NAMI (National Alliance for the Mentally Ill) DRW (Disability Rights Wisconsin) and other counter-feit advocacy groups have lined up behind both the JS’ News Division and the JS’ Editorial Board.
Here’s a recent example.
Walker put an occupational therapist, John Chianelli, in charge of the Mental Health Complex. In addition to people who kept DYING, women were getting raped by other patients. Patient with violent past went unsupervised
Chianelli responded in a closed meetings that the rapes were a “trade-off,” for co-ed facilities, which cost less.
Finally, less than two-months away from the election, (August) the JS Editorial Board drew a line in the sand. They joined with everyone else and demanded that Walker fire Chianelli.
NAMI took the legs right out from under the News division and the Editorial board with this August editorial.
It’s everyone’s problem to solve
NAMI does NOT call for Chianelli to be fired.
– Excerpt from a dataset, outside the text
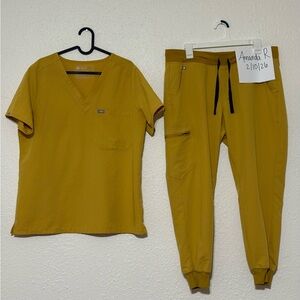 Figs Light Gold Scrub Set - Size Large Petite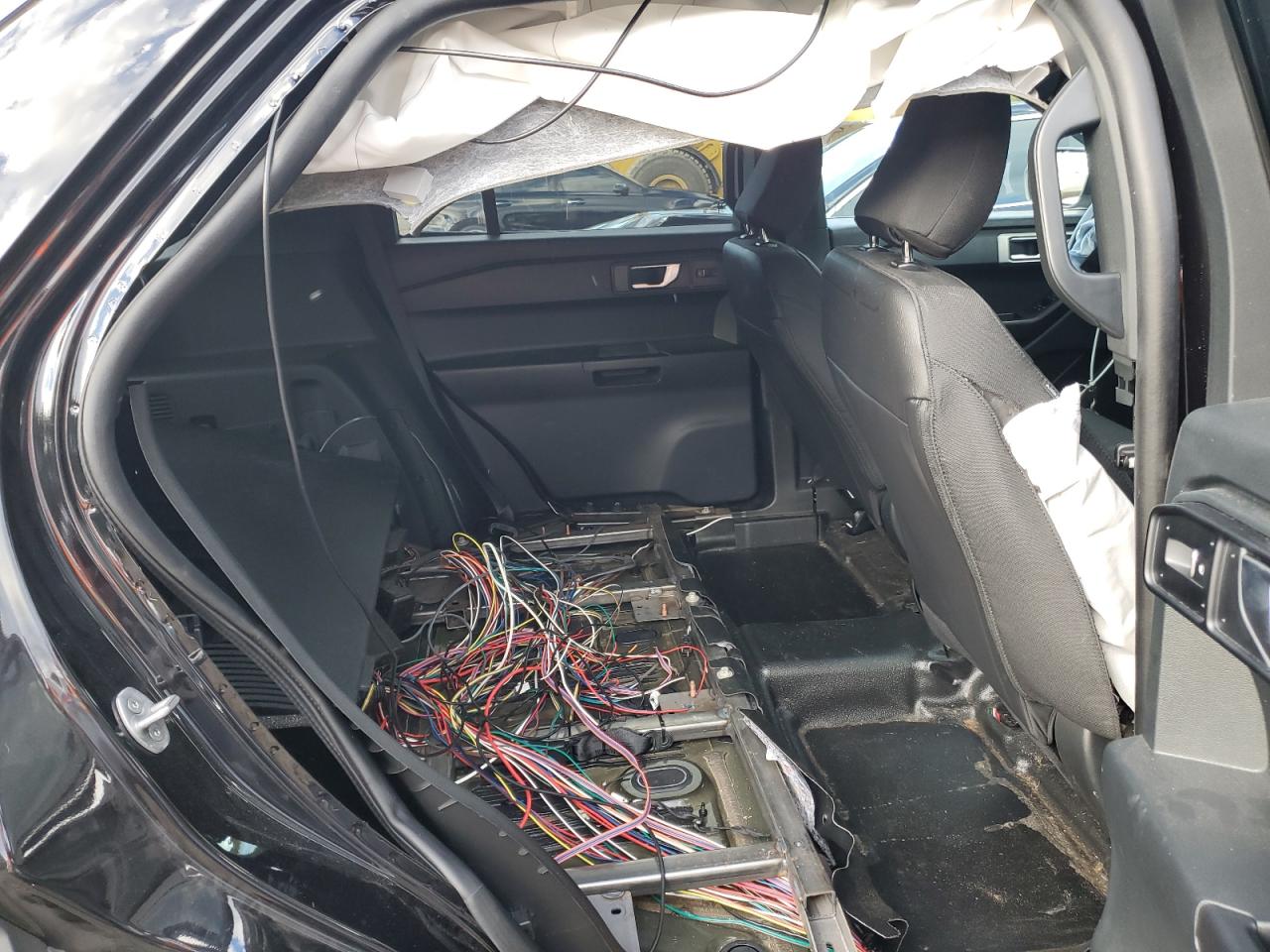 Ford Explorer Police Interceptor Image 9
Walker demoted Chianelli from a job that paid $120,000 to a job that paid $90,000. Milwaukee County has already spent $300,000 on legal expenses for Chianelli/Walker.
In this context, Mr. Stanley and the JS are being pretty heroic. Their straddle is way out front on this one issue.
Unfortunately, what the people want doesn’t matter. It’s what the Cock Bros and Walker want.
Starting the recall process — filing the necessary Notices of Intent to Recall — against the 8 GOP members of the legislature who are eligible for immediate recall is the only way to apply meaningful pressure. IMO, Walker is too damn stubborn to fold.
Ohio update:
“With a patrol SWAT vehicle stationed across Third Street from the Statehouse and heavy security across the grounds, the patrol allowed only about 750 inside the Capitol. Seats were placed in the Atrium so the protesters could listen to the scheduled testimony of about 15 opponents to the bill at a Senate committee hearing”
LINK.
Thanks.
Kasich must be pining for the days when the National Guard fired on students at Kent State.